▶ _THE PROBLEM_:
When you output the entries, begin with the first line and end with the line containing "Photo of 9693 ROYAL CREST CIR", keeping each line exactly as it is.

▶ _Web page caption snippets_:
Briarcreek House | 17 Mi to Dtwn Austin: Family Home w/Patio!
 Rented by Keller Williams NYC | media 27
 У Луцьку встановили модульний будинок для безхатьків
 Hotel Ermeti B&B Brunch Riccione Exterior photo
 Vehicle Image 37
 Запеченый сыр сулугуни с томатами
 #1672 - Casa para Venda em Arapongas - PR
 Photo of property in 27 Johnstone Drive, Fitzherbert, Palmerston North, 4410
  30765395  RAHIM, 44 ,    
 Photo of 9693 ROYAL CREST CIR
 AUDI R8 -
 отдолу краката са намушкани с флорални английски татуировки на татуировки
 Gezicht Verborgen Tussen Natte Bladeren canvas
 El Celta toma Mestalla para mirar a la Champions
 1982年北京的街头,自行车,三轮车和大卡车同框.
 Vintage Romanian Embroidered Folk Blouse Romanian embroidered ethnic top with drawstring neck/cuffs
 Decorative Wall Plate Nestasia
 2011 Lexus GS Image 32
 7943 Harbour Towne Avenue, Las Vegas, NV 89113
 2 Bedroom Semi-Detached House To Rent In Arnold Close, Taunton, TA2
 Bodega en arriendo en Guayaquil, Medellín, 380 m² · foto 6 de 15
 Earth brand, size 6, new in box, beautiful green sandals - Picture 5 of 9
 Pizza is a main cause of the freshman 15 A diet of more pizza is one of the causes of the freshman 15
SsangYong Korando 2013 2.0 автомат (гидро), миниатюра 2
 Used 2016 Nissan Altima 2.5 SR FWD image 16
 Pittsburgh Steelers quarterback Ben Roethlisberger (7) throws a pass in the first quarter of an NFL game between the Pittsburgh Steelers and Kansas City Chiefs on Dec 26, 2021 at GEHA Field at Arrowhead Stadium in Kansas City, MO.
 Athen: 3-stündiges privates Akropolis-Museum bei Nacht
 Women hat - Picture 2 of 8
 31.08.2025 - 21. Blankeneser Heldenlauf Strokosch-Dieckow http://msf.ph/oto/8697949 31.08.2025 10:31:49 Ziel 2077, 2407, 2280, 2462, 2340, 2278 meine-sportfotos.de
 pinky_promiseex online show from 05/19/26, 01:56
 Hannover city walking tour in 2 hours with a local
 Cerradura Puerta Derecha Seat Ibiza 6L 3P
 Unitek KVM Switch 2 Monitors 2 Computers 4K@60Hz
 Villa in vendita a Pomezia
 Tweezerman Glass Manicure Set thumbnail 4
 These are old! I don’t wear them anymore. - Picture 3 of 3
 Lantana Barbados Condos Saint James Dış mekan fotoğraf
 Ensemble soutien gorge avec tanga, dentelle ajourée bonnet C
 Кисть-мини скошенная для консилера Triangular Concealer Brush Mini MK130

▶ _EXPECTED ANSWER_:
Briarcreek House | 17 Mi to Dtwn Austin: Family Home w/Patio!
 Rented by Keller Williams NYC | media 27
 У Луцьку встановили модульний будинок для безхатьків
 Hotel Ermeti B&B Brunch Riccione Exterior photo
 Vehicle Image 37
 Запеченый сыр сулугуни с томатами
 #1672 - Casa para Venda em Arapongas - PR
 Photo of property in 27 Johnstone Drive, Fitzherbert, Palmerston North, 4410
  30765395  RAHIM, 44 ,    
 Photo of 9693 ROYAL CREST CIR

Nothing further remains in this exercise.